The politicians in Westminster were comfortable in doing this because they were handing control of their then newest acquisition from actual British political and military forces to pro-British political and military forces.

The last 3,500 British troops in Dublin marched from their various barracks (including the former British General Headquarters at Parkgate Street and the 'Royal Barracks', now Collins Barracks) to the North Wall area of Dublin Port.

They boarded ships, including the SS Arvonia, and sailed for home, in England.

A British Army Captain, a Mr Henry Robinson, was said to be the very last soldier to board his ship at 3:45pm, on that date, the 17th December 1922.

So here's to you, Mr Robinson, but there are still about 2,000 armed British soldiers in Ireland, in our six north-eastern counties ; hopefully their ship will sail soon...

















As Mr Robinson and his grouping were waving goodbye to Dublin, and it to him, I'm sure, about 165km (103 miles) down the road a train was brought to a sudden stop.

Volunteer Captain Thomas Keating was in command of a column of rebels (who were headquartered in the Comeragh Mountains) and they had removed a section of track on the Mallow to Waterford railway line, forcing the train to come to a stop outside the town of Cill Mhíodáin (Kilmeaden/Kilmeadan).

The IRA then boarded it and, as a section of the men removed the mailbags, other rebels removed the passengers.

The mailbags were put carefully to one side, a distance away from the train, and the passengers were told to walk the five mile distance back to the station where they had got on.

The mailbags usually contained information of use to the rebels, and destroying traintrack infrastructure etc disrupted the Stater army and its transport and communication lines.

The train engine, two carriages and the guards van were set on fire and, before the fires had fully caught, the train driver was told to start the engine and drive the train forward, onto the missing track - he refused, was put off the train and a rebel hand done the job instead.

The train derailed, toppled over and burned itself into a state of uselessness.

The rebel fighters returned safely to base.

(RIP Volunteer Captain Thomas Keating.)

==========================







55 YEARS AGO TODAY (17TH DECEMBER 1970) : EVE OF THE FORMATION OF A LOYALIST DEATH-SQUAD.



The 'Ulster Defence Regiment', a pro-British loyalist paramilitary gang, was established by Westminster on the 18th December 1970 and continued to uphold the British writ, as the UDR, until 1992, when they were amalgamated with the 'Royal Irish Rangers' to form the 'Royal Irish Regiment'.

In every country it occupied (...and in every country it continues to either occupy or take an 'interest' in) Britain, like other imperialist forces, recruits a native 'workforce' which it uses to serve its interests.

In the mid-to-late 19th Century in Ireland, for instance, Westminster decreed that the then Irish police force be re-named the 'Royal Irish Constabulary', a move which the then British 'queen', Victoria, was strongly in favour of, as a 'reward' to them in payment for the cruel manner in which they dealt with the Fenian Rising.
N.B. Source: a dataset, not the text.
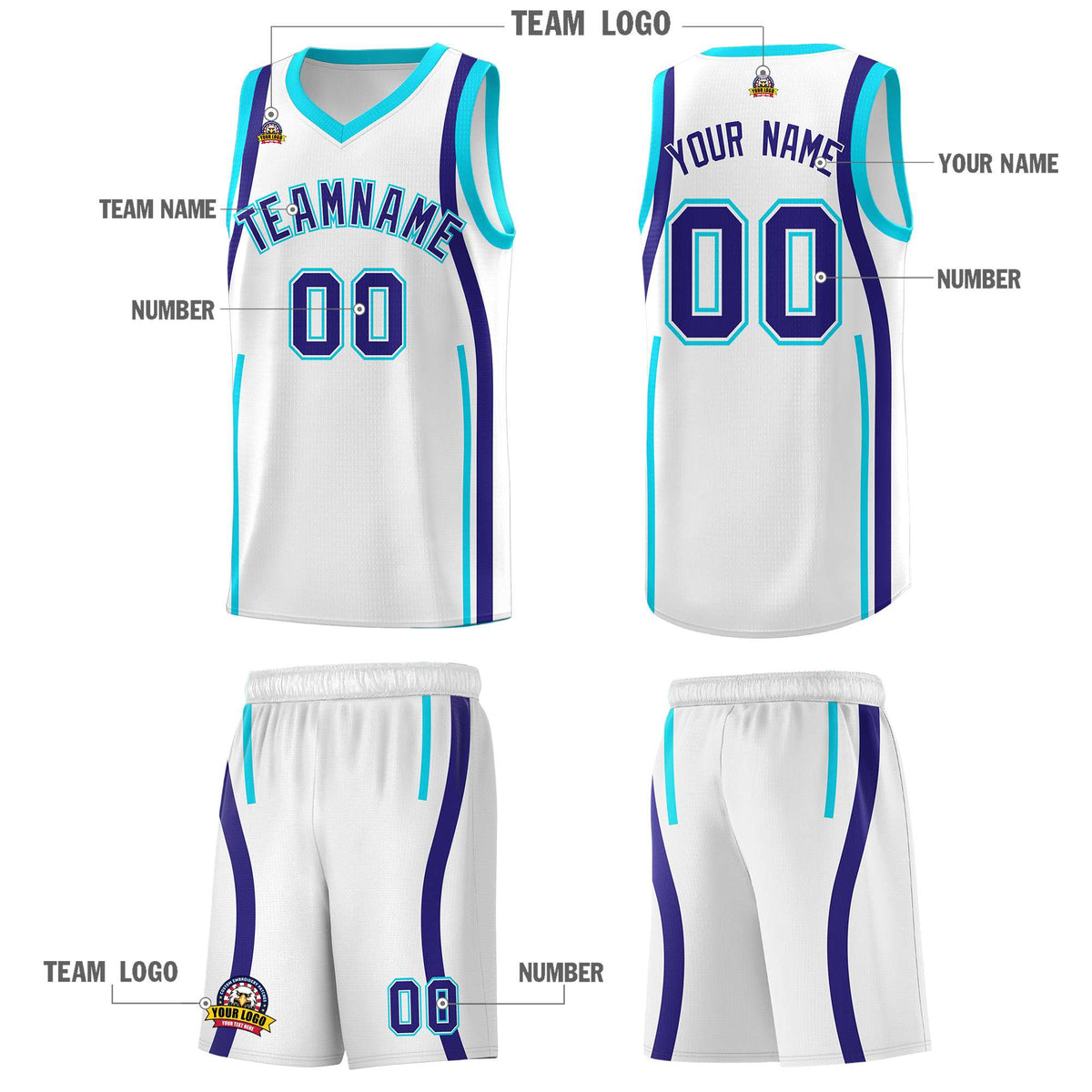Custom White Sky Blue-Royal Ribbon Pattern Basketball Kits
In the early 1920's, after Britain had partitioned Ireland, the paramilitary RIC groupings in the Six Counties were re-classified as the 'RUC', 'U' for 'Ulster' ('1169...' comment : sic - Ulster has nine counties , not six) and a new pro-British death squad was also established - the 'USC' (or the 'B Specials', as they were better known) , comprised of native loyalist/unionist supporters, sharing a common hatred of all things Irish.

British military forces show proper respect for their flag.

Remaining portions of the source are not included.